==== Given data

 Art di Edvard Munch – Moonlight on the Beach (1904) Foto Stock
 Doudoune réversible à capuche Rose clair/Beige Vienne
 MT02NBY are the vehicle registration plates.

========
==== Given data

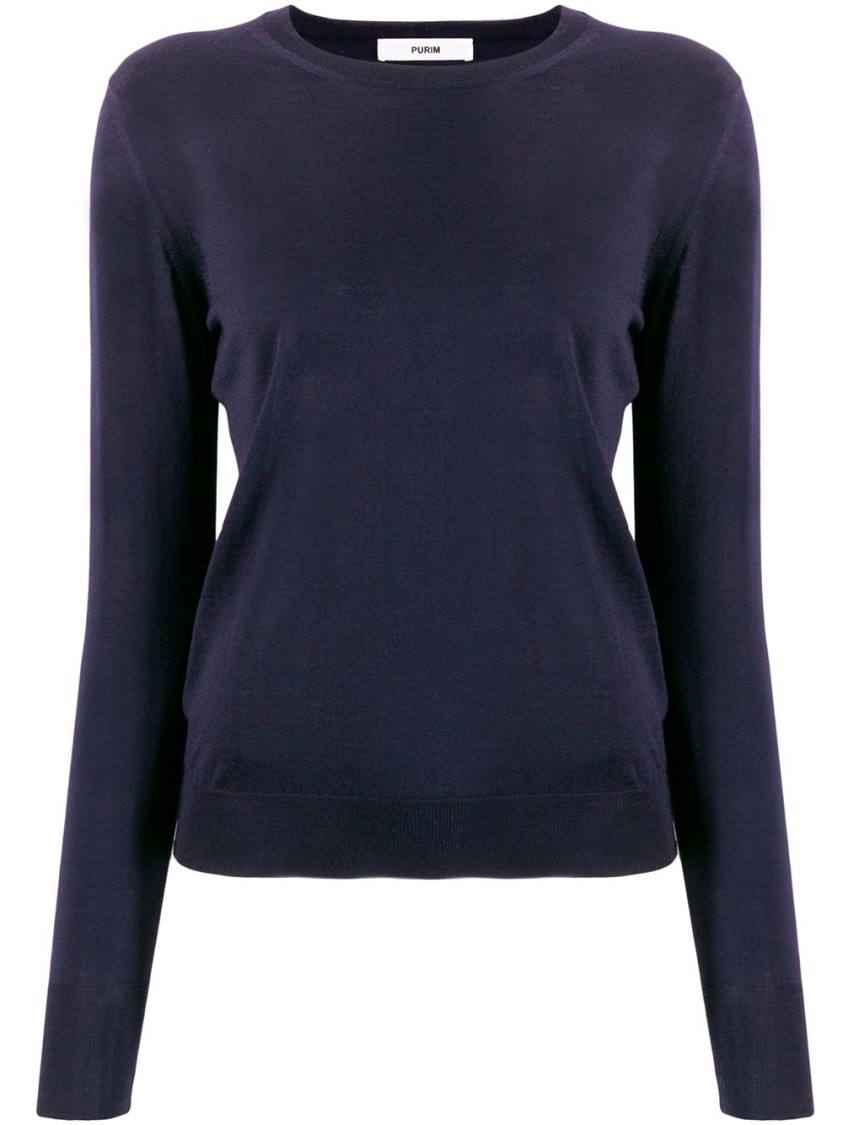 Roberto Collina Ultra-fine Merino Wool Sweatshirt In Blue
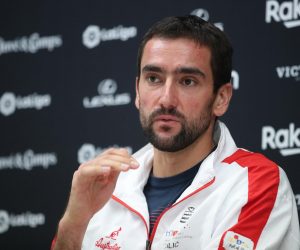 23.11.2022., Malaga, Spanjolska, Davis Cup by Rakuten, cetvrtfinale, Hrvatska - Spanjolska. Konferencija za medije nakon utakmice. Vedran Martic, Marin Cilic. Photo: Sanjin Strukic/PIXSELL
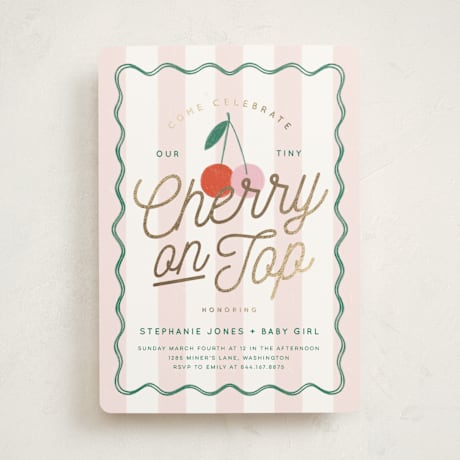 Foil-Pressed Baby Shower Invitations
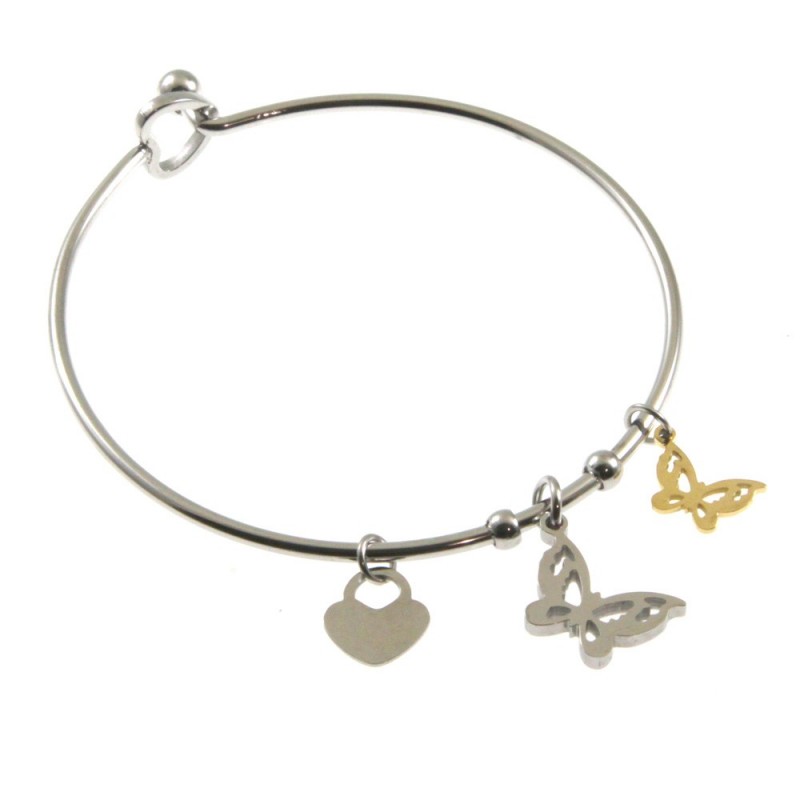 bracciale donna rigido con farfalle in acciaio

========

■ Task directions: The lines above starting at the one that holds "23.11.2022., Malaga, Spanjolska, Davis" and ending at the one that holds "bracciale donna rigido" are to be written out exactly, ends included, and no pictures are to be copied.

■ Task output:
 23.11.2022., Malaga, Spanjolska, Davis Cup by Rakuten, cetvrtfinale, Hrvatska - Spanjolska. Konferencija za medije nakon utakmice. Vedran Martic, Marin Cilic. Photo: Sanjin Strukic/PIXSELL
 Foil-Pressed Baby Shower Invitations
 bracciale donna rigido con farfalle in acciaio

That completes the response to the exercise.